Since September, Prof. Dr. Thomas Carus has been busy as the new chief physician of General, Visceral and Vascular Surgery of the Asklepios West Hospital Hamburg. With his strong personal involvement, the hospital is currently turning into a centre for minimally invasive surgery. Now, the renowned expert is able to use for his “keyhole surgery” one of the world’s most advanced devices, featuring an illustration is in 3-D with a high-end resolution nearly as good as a microscope.
Minimally Invasive Surgery With Innovative MIC Tower
“With Professor Carus, we were able to bring a specialist in minimally invasive surgery to our house, who enjoys an excellent reputation in the professional world”, said Michael Schmitt, executive director of the Asklepios West Hospital Hamburg. “It is thus the consequent next step to furnish his work place, i.e. the Centre for Minimally Invasive Medicine, with the best equipment available today.”
The so-called MIC-tower not only offers a better view, a presentation in 3-D, and an HD resolution coming close to a microscope, but is also equipped with two screens so that surgeons will no longer have to turn their heads, but will be able to keep track of what he is doing, for instance, in the abdomen.

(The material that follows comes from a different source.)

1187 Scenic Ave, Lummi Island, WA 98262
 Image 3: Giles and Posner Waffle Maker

While 3D movies and TV purely exist for entertainment, the three-dimensional representation in medicine compensates the disadvantages of keyhole surgery in comparison to open surgery.

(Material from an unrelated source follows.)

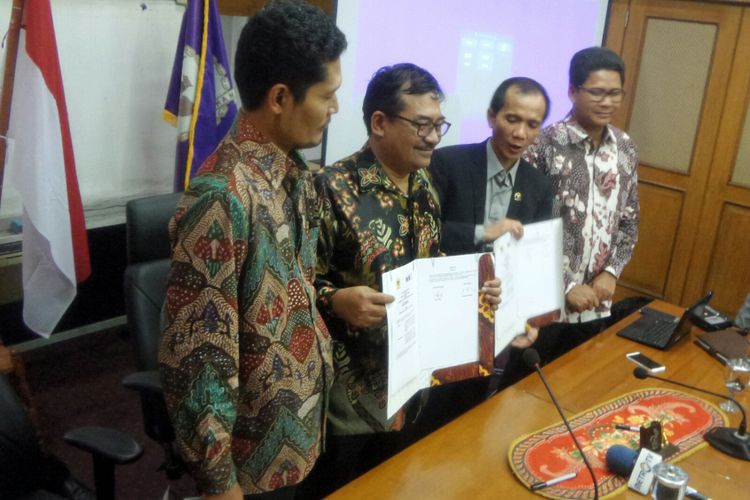 Ketua Komisi Nasional Hak Asasi Manusia (Komnas HAM) Nur Kholis dan Direktur International NGO Forum on Indonesian Development (INFID) Sugeng Bahagijo menandatangani nota kesepahaman terkait kerja sama dalam mempromosikan konsep kota ramah HAM di kantor Komnas HAM, Menteng, Jakarta Pusat, Senin (15/5/2017).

Improved insight thanks MIC Tower
In conventional surgery with abdominal incision, the surgeon sees the area where he works in three dimensions, of course. In minimally invasive surgery, however, the area of operations will be filmed with a camera and transmit the image simultaneously on at least one monitor. Therefore, it is usually only two-dimensional. This disadvantage is compensated by the new MIC-tower – and more than that: expansion and enable more accurate representation of “insight” into the body interior, which would never allow a direct line of sight.
1,000 Interventions per Year, and Figures Rising
Carus estimates the number of MIC interventions to currently about 1,000 a year, with figures growing rapidly. Besides the “classic” minimally invasive interventions such as the removal the gallbladder or closure of inguinal hernias, the 3D technology is particularly suitable for “complex stomach and bowel resections due to chronic inflammation or tumors”, explains Carus. “We also increasingly use the new technology to for the fundoplication of the stomach to treat gastroesophageal reflux disease (GERD).” Even previously operated patients with the need of another surgery benefit from the significantly better results. “Patient safety is significantly improved by the ideal vision”, said Professor Carus.